Com a avalanche de pequenos negócios que fecharam e legiões de trabalhadores que perderam o emprego, muitos deles garçons, cozinheiros e empregadas domésticas, a ONG SocialBit de Rio das Pedras, antes voltada à tecnologia, passou a distribuir cestas básicas.
Érika Alves conta que a organização tentou realizar seu próprio painel sobre a pandemia, mas esbarrou em resistências que não imaginava.
"Muitas famílias se sentem constrangidas de falar que há um doente em casa. Simplesmente se isolam, talvez por medo de serem estigmatizadas", conta, afirmando que há uma negação da doença, o que faz crescer os relatos de pneumonia e problema cardíaco.
A falta de testes faz com que muitas pessoas sequer saibam se tiveram coronavírus. A manicure Marília Paixão, de 57 anos, passou mal por 25 dias, com falta de ar e perda de paladar. Apesar de ter procurado a rede de saúde quatro vezes, não fez exames. Somente entre os amigos, ela conta que 20 pessoas morreram.
"Tive muitas perdas, fiquei sem trabalhar meses e ainda vivo com a incerteza sobre ter tido ou não a doença", diz.
Na Maré — onde oficialmente há 357 casos de Covid-19 e 80 óbitos —, o boletim “De Olho no Corona!”, da Redes da Maré, traduz melhor o que tem sido o dia a dia de seus 141 mil moradores.
O último divulgado apontava que, até 29 de junho, havia 711 casos sintomáticos suspeitos, ainda sem testes, e 29 óbitos também sem causa confirmada. Coordenadora do projeto, Lidiane Malanquini afirma que o pico da doença foi em maio.
Na primeira metade de junho, houve uma queda, mas, com o afrouxamento da quarentena, a doença voltou a crescer em junho:
"A cada três sintomáticos que identificamos, só um tem comprovação oficial. Sem testes, não podemos nem dimensionar a capacidade para atender os pacientes".

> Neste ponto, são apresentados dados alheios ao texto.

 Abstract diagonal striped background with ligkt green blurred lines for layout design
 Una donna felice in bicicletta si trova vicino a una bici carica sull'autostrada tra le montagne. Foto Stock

Com a subnotificação, que esconde a gravidade da Covid-19 nessas áreas, vem também uma dificuldade de convencer a população local sobre os riscos e a necessidade de aderir a regras de distanciamento e proteção, como uso de máscaras.
A ativista Magda Gomes, do coletivo A Rocinha Resiste, não tem dúvidas de que a pandemia terá efeitos duradouros, com novas ondas.
Junto com outras lideranças comunitárias, ela trabalha com pesquisadores na criação de um plano específico de combate à Covid-19 nas favelas. A proposta foi apresentada à Secretaria municipal de Saúde, que não encampou a ideia.
Agora, está em fase final para aprovação de um financiamento da Assembleia Legislativa do Rio, com coordenação executiva da Fiocruz e participação da UFRJ, UFF, Uerj, UniRio e PUC-Rio.
"Com as pesquisas, será possível saber o que está acontecendo de verdade nesses lugares", ressalta a sanitarista e professora Ligia Bahia, da UFRJ.
Também integrante do projeto, o sociólogo Marcelo Burgos, da PUC, explica que, a princípio, a ideia é focar em cinco comunidades, entre elas Rocinha, Maré e Alemão, com polos para atender pacientes com Covid-19 e centros de isolamento assistido, além de apoio social.
"Muitas pessoas ficaram doentes e morreram em casa. Elas viveram solitariamente a doença. E vamos viver um período crítico, de inverno e efeitos da flexibilização do isolamento", diz Burgos, que prevê custo de R$ 16 milhões para a iniciativa.
A prefeitura informou ter iniciado em 1º de julho a segunda fase de testagens em comunidades. Afirma ainda ter realizado outras ações, como o monitoramento por telefone dos grupos de risco. Diz que é preciso levar em conta uma parcela de contaminados, mas assintomáticos, que podem não ser notificados, o que, segundo ela, não acontece apenas em favelas.